▶ [Required work]: Return every line from the one with "Til That Some" through the one with "man playing with", inclusive, exactly as it appears below.

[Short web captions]
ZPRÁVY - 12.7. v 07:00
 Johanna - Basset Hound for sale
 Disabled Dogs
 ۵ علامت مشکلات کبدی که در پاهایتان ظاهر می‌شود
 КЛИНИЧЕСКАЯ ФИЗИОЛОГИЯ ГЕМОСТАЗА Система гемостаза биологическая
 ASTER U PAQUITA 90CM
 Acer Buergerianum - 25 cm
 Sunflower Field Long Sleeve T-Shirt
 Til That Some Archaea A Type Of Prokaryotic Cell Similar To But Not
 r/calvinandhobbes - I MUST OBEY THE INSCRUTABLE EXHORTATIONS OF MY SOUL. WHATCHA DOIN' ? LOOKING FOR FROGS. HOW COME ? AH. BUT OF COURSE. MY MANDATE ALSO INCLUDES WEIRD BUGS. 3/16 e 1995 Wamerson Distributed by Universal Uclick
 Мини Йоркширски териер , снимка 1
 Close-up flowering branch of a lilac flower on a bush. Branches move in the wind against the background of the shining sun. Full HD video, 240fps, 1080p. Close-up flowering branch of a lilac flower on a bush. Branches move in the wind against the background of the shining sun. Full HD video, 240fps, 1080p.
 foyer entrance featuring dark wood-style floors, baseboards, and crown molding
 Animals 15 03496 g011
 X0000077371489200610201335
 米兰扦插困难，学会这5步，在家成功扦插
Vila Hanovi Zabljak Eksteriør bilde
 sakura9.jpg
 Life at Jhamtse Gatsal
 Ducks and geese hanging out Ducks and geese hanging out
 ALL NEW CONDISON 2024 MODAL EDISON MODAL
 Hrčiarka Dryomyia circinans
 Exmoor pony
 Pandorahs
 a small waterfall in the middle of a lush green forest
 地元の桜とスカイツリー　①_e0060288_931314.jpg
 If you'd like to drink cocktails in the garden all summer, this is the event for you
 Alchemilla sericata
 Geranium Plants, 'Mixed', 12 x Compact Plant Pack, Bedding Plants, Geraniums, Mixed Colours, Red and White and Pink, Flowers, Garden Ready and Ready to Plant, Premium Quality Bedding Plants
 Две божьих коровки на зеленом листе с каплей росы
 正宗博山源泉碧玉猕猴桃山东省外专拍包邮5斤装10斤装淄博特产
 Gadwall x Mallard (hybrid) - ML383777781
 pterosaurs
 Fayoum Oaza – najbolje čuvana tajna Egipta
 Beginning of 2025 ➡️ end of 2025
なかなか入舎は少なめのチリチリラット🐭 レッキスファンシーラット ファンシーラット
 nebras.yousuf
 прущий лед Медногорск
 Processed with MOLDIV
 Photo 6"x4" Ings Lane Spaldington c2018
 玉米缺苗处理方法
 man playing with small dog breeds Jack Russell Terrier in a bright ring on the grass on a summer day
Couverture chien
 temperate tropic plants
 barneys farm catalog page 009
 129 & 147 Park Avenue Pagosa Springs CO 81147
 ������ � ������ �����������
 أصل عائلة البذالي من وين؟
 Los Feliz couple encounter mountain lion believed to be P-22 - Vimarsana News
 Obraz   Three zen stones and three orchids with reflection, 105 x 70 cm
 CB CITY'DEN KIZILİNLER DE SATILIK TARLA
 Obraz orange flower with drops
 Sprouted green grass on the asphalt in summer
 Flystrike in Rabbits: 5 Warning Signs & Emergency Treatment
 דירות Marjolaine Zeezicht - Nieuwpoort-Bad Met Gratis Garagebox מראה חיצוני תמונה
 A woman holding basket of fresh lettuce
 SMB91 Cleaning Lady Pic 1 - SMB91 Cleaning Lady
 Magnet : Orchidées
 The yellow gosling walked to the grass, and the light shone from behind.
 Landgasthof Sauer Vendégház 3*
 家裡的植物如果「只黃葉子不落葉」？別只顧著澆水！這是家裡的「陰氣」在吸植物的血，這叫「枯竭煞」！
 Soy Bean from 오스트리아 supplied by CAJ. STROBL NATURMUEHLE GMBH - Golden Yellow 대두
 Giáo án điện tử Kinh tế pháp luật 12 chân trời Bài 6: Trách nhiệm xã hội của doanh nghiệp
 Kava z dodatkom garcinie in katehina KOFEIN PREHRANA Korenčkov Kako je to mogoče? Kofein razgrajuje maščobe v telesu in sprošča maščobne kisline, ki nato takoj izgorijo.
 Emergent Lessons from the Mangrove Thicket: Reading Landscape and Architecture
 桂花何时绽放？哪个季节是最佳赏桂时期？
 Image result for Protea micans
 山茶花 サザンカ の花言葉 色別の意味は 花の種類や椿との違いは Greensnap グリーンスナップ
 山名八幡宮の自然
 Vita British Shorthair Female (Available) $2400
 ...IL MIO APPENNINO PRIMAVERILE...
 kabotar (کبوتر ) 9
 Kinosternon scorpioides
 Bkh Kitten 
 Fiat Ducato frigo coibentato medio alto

▶ [Reply to the exercise]:
 Til That Some Archaea A Type Of Prokaryotic Cell Similar To But Not
 r/calvinandhobbes - I MUST OBEY THE INSCRUTABLE EXHORTATIONS OF MY SOUL. WHATCHA DOIN' ? LOOKING FOR FROGS. HOW COME ? AH. BUT OF COURSE. MY MANDATE ALSO INCLUDES WEIRD BUGS. 3/16 e 1995 Wamerson Distributed by Universal Uclick
 Мини Йоркширски териер , снимка 1
 Close-up flowering branch of a lilac flower on a bush. Branches move in the wind against the background of the shining sun. Full HD video, 240fps, 1080p. Close-up flowering branch of a lilac flower on a bush. Branches move in the wind against the background of the shining sun. Full HD video, 240fps, 1080p.
 foyer entrance featuring dark wood-style floors, baseboards, and crown molding
 Animals 15 03496 g011
 X0000077371489200610201335
 米兰扦插困难，学会这5步，在家成功扦插
Vila Hanovi Zabljak Eksteriør bilde
 sakura9.jpg
 Life at Jhamtse Gatsal
 Ducks and geese hanging out Ducks and geese hanging out
 ALL NEW CONDISON 2024 MODAL EDISON MODAL
 Hrčiarka Dryomyia circinans
 Exmoor pony
 Pandorahs
 a small waterfall in the middle of a lush green forest
 地元の桜とスカイツリー　①_e0060288_931314.jpg
 If you'd like to drink cocktails in the garden all summer, this is the event for you
 Alchemilla sericata
 Geranium Plants, 'Mixed', 12 x Compact Plant Pack, Bedding Plants, Geraniums, Mixed Colours, Red and White and Pink, Flowers, Garden Ready and Ready to Plant, Premium Quality Bedding Plants
 Две божьих коровки на зеленом листе с каплей росы
 正宗博山源泉碧玉猕猴桃山东省外专拍包邮5斤装10斤装淄博特产
 Gadwall x Mallard (hybrid) - ML383777781
 pterosaurs
 Fayoum Oaza – najbolje čuvana tajna Egipta
 Beginning of 2025 ➡️ end of 2025
なかなか入舎は少なめのチリチリラット🐭 レッキスファンシーラット ファンシーラット
 nebras.yousuf
 прущий лед Медногорск
 Processed with MOLDIV
 Photo 6"x4" Ings Lane Spaldington c2018
 玉米缺苗处理方法
 man playing with small dog breeds Jack Russell Terrier in a bright ring on the grass on a summer day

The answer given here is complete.